PH pulls out 'Uncharted' in local cinemas for showing China's 'nine dash line'


American action-adventure film "Uncharted" was removed from Philippine cinemas due to a scene containing an image of the nine-dash line maritime claims of China that is "contrary to national interest."

The Department of Foreign Affairs (DFA) disclosed on Wednesday, April 27, that it requested the Movie and Television Review and Classification Board (MTRCB) to reevaluate and pull out the screening of the Sony movie in local cinemas.

The MTRCB "responded favorably" to the request, the department said.

In its response to the DFA, MTRCB stated that it had “ordered Columbia Pictures Industries Inc. to cease and desist from exhibiting the said motion picture, unless and until they are able to remove the objectionable scenes.”

"MTRCB further reported that Columbia has since complied with its order and has pulled out the movie from the cinemas," the DFA said.

The Foreign Affairs department stressed that the nine-dash claim is contrary to the country's national interest, which has been settled in the 2016 Arbitral Award.

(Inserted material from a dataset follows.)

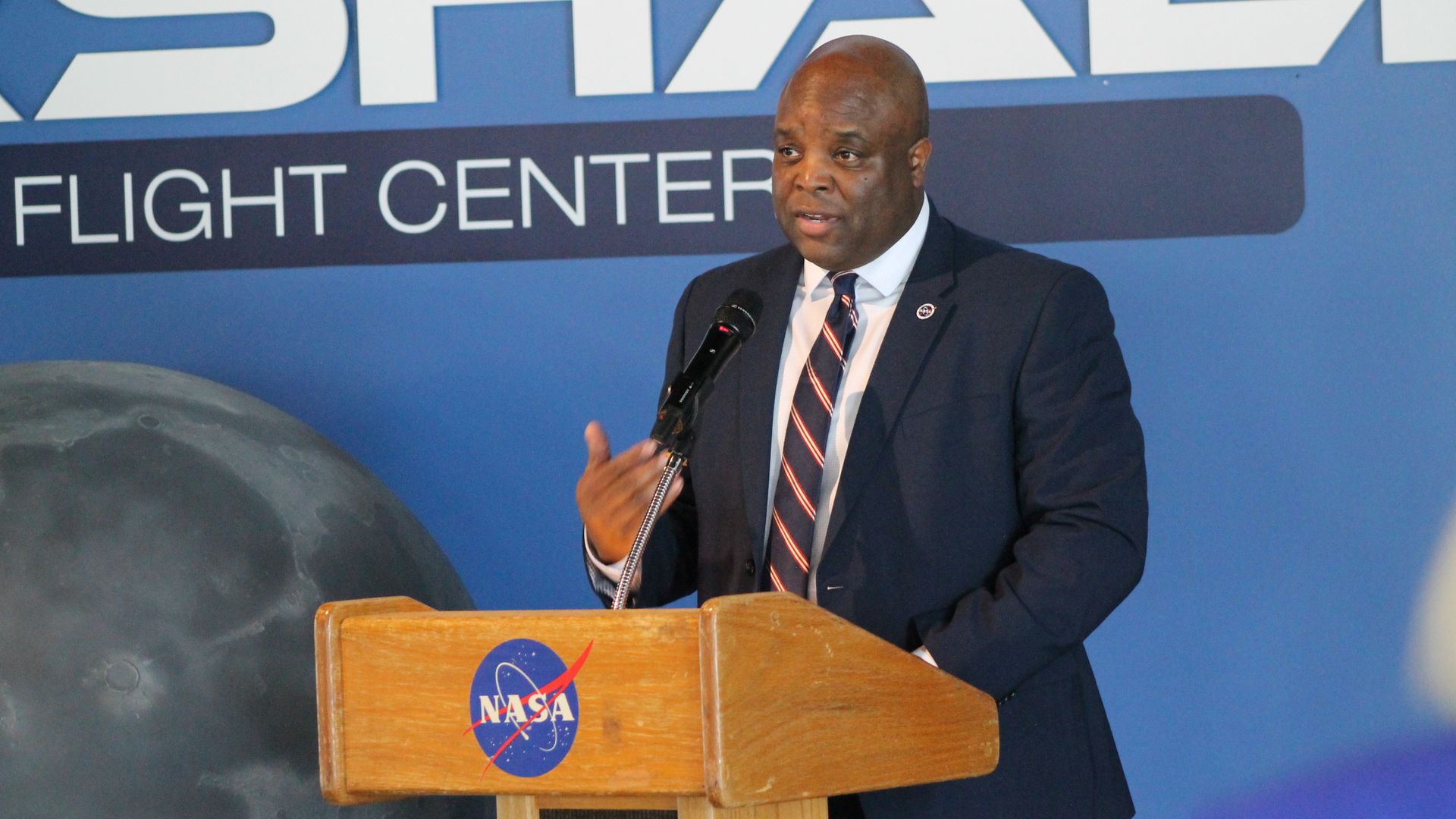 Man in dark suit and striped tie speaking at a NASA wooden podium with microphone, blue background with large white text and image of the moon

"The Arbitral Tribunal held that China’s nine-dash line has no legal basis as its accession to UNCLOS has extinguished any of its rights that it may have had in the maritime areas in the South China Sea. China also never had historic rights in the waters within the nine-dash line," the DFA said.

This is not the first time that the department sought to prohibit the screening of a Hollywood movie featuring China’s nine-dash line. In 2019, it also requested the MTRCB to pull out the DreamWorks animated feature “Abominable” after a scene showed the Chinese nine-dash line.

In November last year, it also requested for the removal of the episodes showing a map of China’s so-called nine-dash line from the political drama “Pine Gap.”